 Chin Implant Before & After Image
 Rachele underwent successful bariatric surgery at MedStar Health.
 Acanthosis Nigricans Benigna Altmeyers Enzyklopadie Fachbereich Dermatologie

=== Directions ===
The data above should be copied exactly, with no line omitted.

=== Exercise answer ===
 Chin Implant Before & After Image
 Rachele underwent successful bariatric surgery at MedStar Health.
 Acanthosis Nigricans Benigna Altmeyers Enzyklopadie Fachbereich Dermatologie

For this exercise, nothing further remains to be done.